Beyond the Basics: Designing for a Million Users

Add to your system design knowledge toolkit! These are concepts, which every engineer must know, if they want to scale from zero to millions of users or ace their interviews!

and

Feb 25, 2025

Hello guys, if you are preparing for system design interview or just want to level up your Software Skills then you have come to the right place.

Earlier I have talked about common system design concepts like Rate Limiter, Database Scaling, API Gateway vs Load Balancer and Horizontal vs Vertical Scaling, Forward proxy vs reverse proxy as well common System Design problems and concepts like Single Point Failure, and in this article we will talk about how to design systems which can withstand million users.

For this article, I have teamed up with

Konstantin Borimechkov

and we'll dive into the fundamental concepts of designing and scaling system to million users.

By the way, if you are preparing for System design interviews and want to learn System Design in a limited time then you can also checkout sites like Codemia.io, ByteByteGo, Design Guru, Exponent, Educative and Udemy which have many great System design courses

Similar, while answering System design questions you can also follow a System design template like this from DesignGurus.io to articulate your answer better in a limited time.

Now, over to

Konstantin Borimechkov

to take you through to the article.

Inspired by ByteByteGo founder Alex Xu‘s Book on System Design Interview, I decided to write this blog as a summary of my understanding from the first chapter of Vol.1!

Take this blog-post as notes I took from the book.. but very valuable ones. 📚

That said, you can use this as a summary or quick reference to some core principles we should go by when designing an application. Or when preparing for system design interviews - up to you 🙌

⚠️ Disclaimer: There are many things that go into developing and scaling a system, which won’t be mentioned in this blog-post as I don’t want it to get lengthy.
That said, I will try to be precise and informative here. Expect deeper dives in future blog-posts & subscribe if you wanna get more of these! 🙏

Our Basic App

So, here is the situation, we have zero to no experience with architectures and programming. But we heard a few things from here and there:

we need a server to host my code, which serves content to the user
we need an infrastructure to host this server in - on-prem or in the cloud
we also want to have some neat domain name like google.com, so we need to buy that from some DNS provider

After creating the app and having some traffic we start to experience some issues.. 😬

Lets say we have a LinkedIn-Like app and we get a surge of users, which start posting and reading posts.

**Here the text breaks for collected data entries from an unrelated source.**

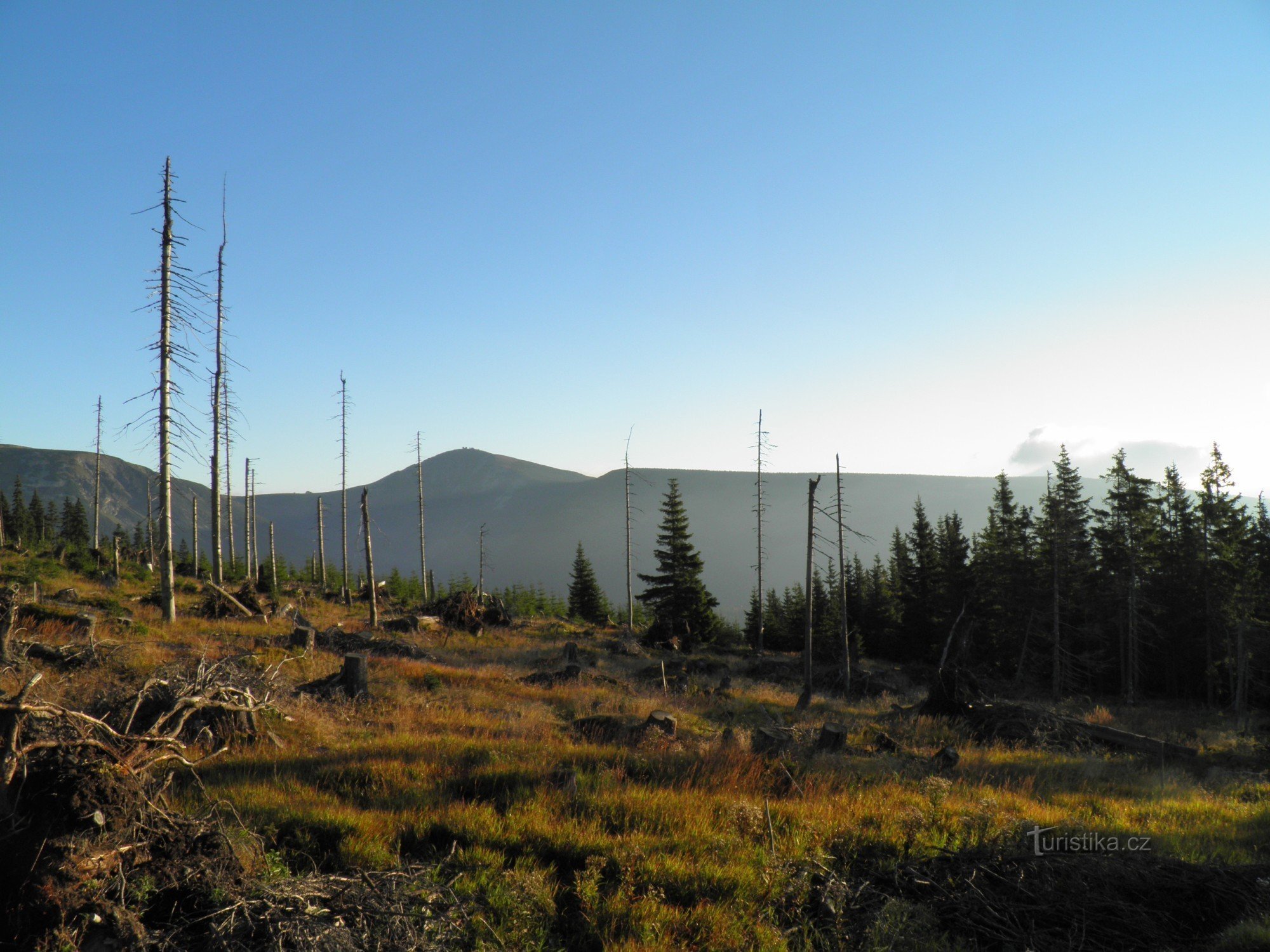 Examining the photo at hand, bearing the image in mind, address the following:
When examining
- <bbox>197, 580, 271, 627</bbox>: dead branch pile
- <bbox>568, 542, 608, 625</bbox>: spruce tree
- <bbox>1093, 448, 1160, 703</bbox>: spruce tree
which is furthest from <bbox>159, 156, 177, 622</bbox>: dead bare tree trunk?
<bbox>1093, 448, 1160, 703</bbox>: spruce tree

As more and more users start to post and read posts, the single server that we have gets increasingly more requests coming, which increases the latency of our application and effectively makes the app slower. Imagine waiting to see your LinkedIn Feed every 10s as opposed to 10ms 🥴
an incident happened on Monday and the whole application crashed
we need to constantly go to AWS and increase the CPU and Storage Limits
Last month we got an unexpected bill from AWS because someone DoS’d my service..
Some users from Asia complained that everything is very slow on their end, while users in Bulgaria didn’t have such issues 🤔

.. well, these are SOME of the issues we will face if we don’t incorporate proper scaling techniques and architect our application to scale.

An Application That Scales To Millions Of Users

To avoid the above mentioned issues, we can utilize the wide range of tools and techniques, found by many amazing and talented engineers all around the world.

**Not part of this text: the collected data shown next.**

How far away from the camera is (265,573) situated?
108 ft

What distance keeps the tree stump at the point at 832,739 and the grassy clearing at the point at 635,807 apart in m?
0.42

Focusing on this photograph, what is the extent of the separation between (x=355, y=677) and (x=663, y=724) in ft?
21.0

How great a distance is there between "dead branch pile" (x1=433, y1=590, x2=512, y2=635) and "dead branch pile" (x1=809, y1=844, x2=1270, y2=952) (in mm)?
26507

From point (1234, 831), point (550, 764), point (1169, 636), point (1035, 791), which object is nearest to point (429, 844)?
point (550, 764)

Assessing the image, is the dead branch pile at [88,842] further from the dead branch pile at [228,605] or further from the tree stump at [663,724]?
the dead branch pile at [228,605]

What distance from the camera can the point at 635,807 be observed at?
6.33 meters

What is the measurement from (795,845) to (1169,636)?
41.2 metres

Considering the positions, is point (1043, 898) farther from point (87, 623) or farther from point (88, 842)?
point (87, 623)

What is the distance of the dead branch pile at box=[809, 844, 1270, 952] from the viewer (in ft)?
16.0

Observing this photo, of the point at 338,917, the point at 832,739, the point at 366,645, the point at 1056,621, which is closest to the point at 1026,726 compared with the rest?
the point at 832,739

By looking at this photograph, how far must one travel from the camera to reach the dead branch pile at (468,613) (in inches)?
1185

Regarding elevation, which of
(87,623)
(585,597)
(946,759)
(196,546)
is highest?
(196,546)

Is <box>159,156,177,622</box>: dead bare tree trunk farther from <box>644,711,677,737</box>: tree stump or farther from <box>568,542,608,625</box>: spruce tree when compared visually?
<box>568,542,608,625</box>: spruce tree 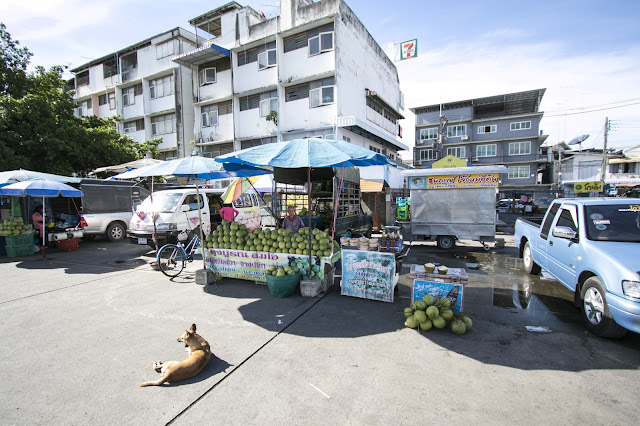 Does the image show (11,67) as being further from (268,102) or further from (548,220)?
(548,220)

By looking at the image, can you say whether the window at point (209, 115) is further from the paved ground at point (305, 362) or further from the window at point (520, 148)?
the window at point (520, 148)

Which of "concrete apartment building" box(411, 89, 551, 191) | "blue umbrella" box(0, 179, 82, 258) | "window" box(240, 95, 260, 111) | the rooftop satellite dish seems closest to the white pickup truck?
"blue umbrella" box(0, 179, 82, 258)

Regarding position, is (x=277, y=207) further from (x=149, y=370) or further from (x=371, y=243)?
(x=149, y=370)

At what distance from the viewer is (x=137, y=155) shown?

Vertical Vs. Horizontal Scaling

The approach described above is using vertical scaling. And that is exactly why the app faced the Single-Point-Of-Failure problem (if one server goes down, the whole app goes down), the constant AWS CLI trips and all else..

Vertical scaling is when you have a single instance of your app running and everything is coupled inside of it.

Limiting the scaling opportunities to only being able to increase the size of the instance (CPU, RAM, Storage..).

With Horizontal Scaling on the other hand, you have multiple instances of your service running. You can scale by adding more instances and distributing the traffic among them. This way you can can handle much more users.

You can read more about horizontal and vertical scaling here

Horizontal vs Vertical Scalability Explained

javinpaul and Soma

August 22, 2024

Read full story

But how do you distribute this traffic?

Stateful Vs. Stateless

Without going into too much details here.. modern applications are stateless.

Stateless applications don’t keep users state per server. In stead they used a shared data source, like some NoSQL database, which acts as a storage of user session data. Different servers can connect to this DB and get the user session at any time!

Stateless apps are easier, more robust and effectively much easier to scale horizontally!

You can read more about stateless and stateful architecture here

Difference between Stateful vs Stateless Architectures? When to use?

javinpaul

Feb 11

Read full story

BTW 👀 If you want any help with your interview process and potentially 2X-ing your salary, checkout TopCoding! We have a Mentorship Program & Discord community with like-minded and goal-driven engineers!

Join The Community Now!

Load Balancing

Serving traffic to multiple instances adds the question: How do I decide to which instance I should route each request?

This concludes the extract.